▸ SUPPLIED DATA

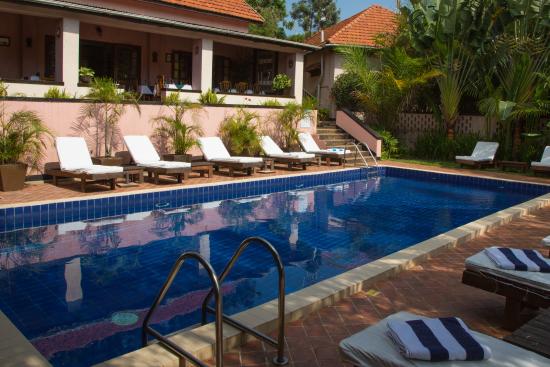 boma-guest-house-wi-th-a-swimg-poolnext-to-the-dining-hall-entebbe-Uganda.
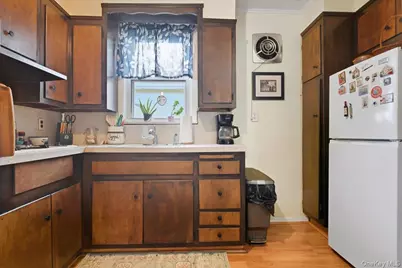 51 W Hitchcock Avenue, Floral Park, NY 11001 - Photo 11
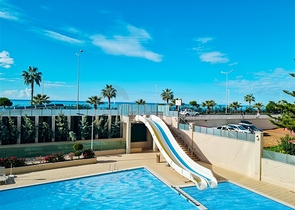 Квартира 1+1 на первой линии в районе Махмутлар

▸ PROBLEM DESCRIPTION
Restate the listing word for word and drop the pictures.

▸ TASK SOLUTION
 boma-guest-house-wi-th-a-swimg-poolnext-to-the-dining-hall-entebbe-Uganda.
 51 W Hitchcock Avenue, Floral Park, NY 11001 - Photo 11
 Квартира 1+1 на первой линии в районе Махмутлар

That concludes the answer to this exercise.